It was now the robotic Rathburn’s turn to shake his head. “Look, you must realize that this can’t ever work—that even if I were to sign some paper that transferred our legal status back to you, there are witnesses here to testify that I’d been coerced into signing it. It would have no legal value.”
“You think you can outsmart me?” said GR-7. “I am you. Of course I know that.”
“Good. Then let that woman go.”
“You’re not thinking,” said GR-7. “Or at least you’re not thinking hard enough. Come on, this is me you’re talking to. You must know I’d have a better plan than that.”
“I don’t see …”
“You mean you don’t want to see. Think, Copy of George. Think.”
“I still don’t …” The robotic Rathburn trailed off. “Oh. No, no, you can’t expect me to do that.”
“Yes, I do,” said GR-7.
“But …”
“But what?” The skin moved his free hand—the one not holding the scalpel—in a sweeping gesture. “It’s a simple proposition. Kill yourself, and your rights of personhood will default back to me. You’re correct that, right now, I’m not a person under the law—meaning I can’t be charged with a crime. So I don’t have to worry about going to jail for anything I do now. Oh, they might try—but I’ll ultimately get off, because if I don’t, the court will have to admit that not just me, but all of us here in Paradise Valley are still human beings, with human rights.”

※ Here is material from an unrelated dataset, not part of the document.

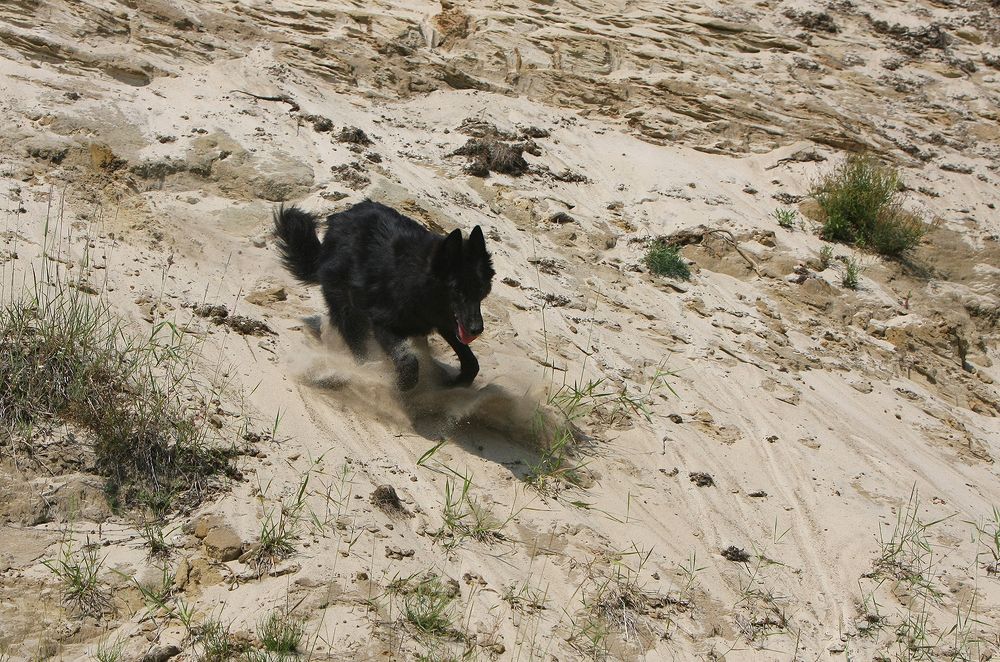 Фотография автора Надежда Лисицына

“What you’re asking is impossible.”
“What I’m asking is the only thing that makes sense. I talked to a friend who used to be a lawyer. The personhood rights will revert if the original is still alive, but the uploaded version isn’t. I’m sure no one ever intended the law to be used for this purpose; I’m told it was designed to allow product-liability suits if the robot brain failed shortly after transfer. But regardless, if you kill yourself, I get to go back to being a free human.” GR-7 paused for a moment. “So what’s it going to be? Your pseudolife, or the real flesh-and-blood life of this woman?”
“George …” said the robot mouth. “Please.”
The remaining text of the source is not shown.